The records are to be reproduced verbatim.
____
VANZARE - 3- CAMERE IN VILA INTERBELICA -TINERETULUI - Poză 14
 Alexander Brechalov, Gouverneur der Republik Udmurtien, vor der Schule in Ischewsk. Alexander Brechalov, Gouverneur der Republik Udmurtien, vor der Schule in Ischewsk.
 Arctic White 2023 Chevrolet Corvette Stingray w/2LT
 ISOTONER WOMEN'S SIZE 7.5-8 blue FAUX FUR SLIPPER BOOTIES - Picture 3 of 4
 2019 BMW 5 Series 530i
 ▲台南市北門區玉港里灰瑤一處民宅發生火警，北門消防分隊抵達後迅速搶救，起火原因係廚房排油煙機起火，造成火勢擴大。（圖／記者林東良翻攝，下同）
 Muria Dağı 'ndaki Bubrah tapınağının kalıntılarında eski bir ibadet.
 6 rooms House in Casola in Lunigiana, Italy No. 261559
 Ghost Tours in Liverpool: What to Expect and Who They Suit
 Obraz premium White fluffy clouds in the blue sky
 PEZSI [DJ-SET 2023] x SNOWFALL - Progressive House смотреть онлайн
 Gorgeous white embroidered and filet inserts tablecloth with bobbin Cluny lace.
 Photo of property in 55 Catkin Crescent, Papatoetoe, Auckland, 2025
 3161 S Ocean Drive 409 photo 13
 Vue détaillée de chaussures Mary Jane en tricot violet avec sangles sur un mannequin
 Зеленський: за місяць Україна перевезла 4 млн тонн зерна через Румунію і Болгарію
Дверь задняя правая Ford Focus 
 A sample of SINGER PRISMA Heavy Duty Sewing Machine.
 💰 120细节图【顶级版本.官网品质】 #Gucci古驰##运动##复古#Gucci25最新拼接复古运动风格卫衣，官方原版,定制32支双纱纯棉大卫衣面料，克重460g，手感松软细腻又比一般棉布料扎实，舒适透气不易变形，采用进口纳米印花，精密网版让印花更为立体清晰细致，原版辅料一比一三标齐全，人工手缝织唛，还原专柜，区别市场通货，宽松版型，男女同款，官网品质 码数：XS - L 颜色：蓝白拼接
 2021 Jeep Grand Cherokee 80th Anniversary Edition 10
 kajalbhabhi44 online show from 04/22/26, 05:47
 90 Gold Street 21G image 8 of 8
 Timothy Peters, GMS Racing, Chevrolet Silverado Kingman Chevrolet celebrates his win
____
* [TASK RESULT]
VANZARE - 3- CAMERE IN VILA INTERBELICA -TINERETULUI - Poză 14
 Alexander Brechalov, Gouverneur der Republik Udmurtien, vor der Schule in Ischewsk. Alexander Brechalov, Gouverneur der Republik Udmurtien, vor der Schule in Ischewsk.
 Arctic White 2023 Chevrolet Corvette Stingray w/2LT
 ISOTONER WOMEN'S SIZE 7.5-8 blue FAUX FUR SLIPPER BOOTIES - Picture 3 of 4
 2019 BMW 5 Series 530i
 ▲台南市北門區玉港里灰瑤一處民宅發生火警，北門消防分隊抵達後迅速搶救，起火原因係廚房排油煙機起火，造成火勢擴大。（圖／記者林東良翻攝，下同）
 Muria Dağı 'ndaki Bubrah tapınağının kalıntılarında eski bir ibadet.
 6 rooms House in Casola in Lunigiana, Italy No. 261559
 Ghost Tours in Liverpool: What to Expect and Who They Suit
 Obraz premium White fluffy clouds in the blue sky
 PEZSI [DJ-SET 2023] x SNOWFALL - Progressive House смотреть онлайн
 Gorgeous white embroidered and filet inserts tablecloth with bobbin Cluny lace.
 Photo of property in 55 Catkin Crescent, Papatoetoe, Auckland, 2025
 3161 S Ocean Drive 409 photo 13
 Vue détaillée de chaussures Mary Jane en tricot violet avec sangles sur un mannequin
 Зеленський: за місяць Україна перевезла 4 млн тонн зерна через Румунію і Болгарію
Дверь задняя правая Ford Focus 
 A sample of SINGER PRISMA Heavy Duty Sewing Machine.
 💰 120细节图【顶级版本.官网品质】 #Gucci古驰##运动##复古#Gucci25最新拼接复古运动风格卫衣，官方原版,定制32支双纱纯棉大卫衣面料，克重460g，手感松软细腻又比一般棉布料扎实，舒适透气不易变形，采用进口纳米印花，精密网版让印花更为立体清晰细致，原版辅料一比一三标齐全，人工手缝织唛，还原专柜，区别市场通货，宽松版型，男女同款，官网品质 码数：XS - L 颜色：蓝白拼接
 2021 Jeep Grand Cherokee 80th Anniversary Edition 10
 kajalbhabhi44 online show from 04/22/26, 05:47
 90 Gold Street 21G image 8 of 8
 Timothy Peters, GMS Racing, Chevrolet Silverado Kingman Chevrolet celebrates his win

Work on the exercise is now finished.